RE: [PATCH V4 05/18] iommu/ioasid: Redefine IOASID set and allocation APIs

"Tian, Kevin" <kevin.tian@xxxxxxxxx> · Sat, 8 May 2021 07:31:18 +0000

> From: Alex Williamson <alex.williamson@xxxxxxxxxx>
> Sent: Saturday, May 8, 2021 1:06 AM
> 
> > > Those are the main ones I can think of.  It is nice to have a simple
> > > map/unmap interface, I'd hope that a new /dev/ioasid interface wouldn't
> > > raise the barrier to entry too high, but the user needs to have the
> > > ability to have more control of their mappings and locked page
> > > accounting should probably be offloaded somewhere.  Thanks,
> > >
> >
> > Based on your feedbacks I feel it's probably reasonable to start with
> > a type1v2 semantics for the new interface. Locked accounting could
> > also start with the same VFIO restriction and then improve it
> > incrementally, if a cleaner way is intrusive (if not affecting uAPI).
> > But I didn't get the suggestion on "more control of their mappings".
> > Can you elaborate?
> 
> Things like I note above, userspace cannot currently specify mapping
> granularity nor has any visibility to the granularity they get from the
> IOMMU.  What actually happens in the IOMMU is pretty opaque to the user
> currently.  Thanks,
> 

It's much clearer.

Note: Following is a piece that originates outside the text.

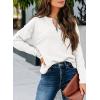 image:imageSHEWIN Womens Casual V Neck Sweatshirt Long Sleeve Lightweight Drop Shoulder Solid Pullover TopsWhite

Based on all the discussions so far I'm thinking about
a staging approach when building the new interface, basically following
the model that Jason pointed out - generic stuff first, then platform 
specific extension:

Phase 1: /dev/ioasid with core ingredients and vfio type1v2 semantics
    - ioasid is the software handle representing an I/O page table
    - uAPI accepts a type1v2 map/unmap semantics per ioasid
    - helpers for VFIO/VDPA to bind ioasid_fd and attach ioasids
    - multiple ioasids are allowed without nesting (vIOMMU, or devices
w/ incompatible iommu attributes)
    - an ioasid disallows any operation before it's attached to a device
    - an ioasid inherits iommu attributes from the 1st device attached
to it
    - userspace is expected to manage hardware restrictions and the
kernel only returns error when restrictions are broken
        * map/unmap on an ioasid will fail before every device in a group 
is attached to it
        * ioasid attach will fail if the new device has incompatibile iommu
attribute as that of this ioasid
    - thus no group semantics in uAPI
    - no change to vfio container/group/type1 logic, for running existing
vfio applications
        * imply some duplication between vfio type1 and ioasid for some time
    - new uAPI in vfio to allow explicit opening of a device and then binding
it to the ioasid_fd
        * possibly require each device exposed in /dev/vfio/
    - support both pdev and mdev

Phase 2: ioasid nesting
    - Allow bind/unbind_pgtable semantics per ioasid
    - Allow ioasid nesting 
        * HW ioasid nesting if supported by platform
        * otherwise fall back to SW ioasid nesting (in-kernel shadowing)
    - iotlb invalidation per ioasid
    - I/O page fault handling per ioasid
    - hw_id is not exposed in uAPI. Vendor IOMMU driver decides
when/how hw_id is allocated and programmed properly

Phase3: optimizations and vendor extensions (order undefined, up to
the specific feature owner):
    - (Intel) ENQCMD support with hw_id exposure in uAPI
    - (ARM/AMD) RID-based pasid table assignment
    - (PPC) window-based iova management
    - Optimizations:
        * replace vfio type1 with a shim driver to use ioasid backend
        * mapping granularity
        * HW dirty page tracking
        * ...

Does above sounds a sensible plan? If yes we'll start working on 
phase1 then...

Thanks
Kevin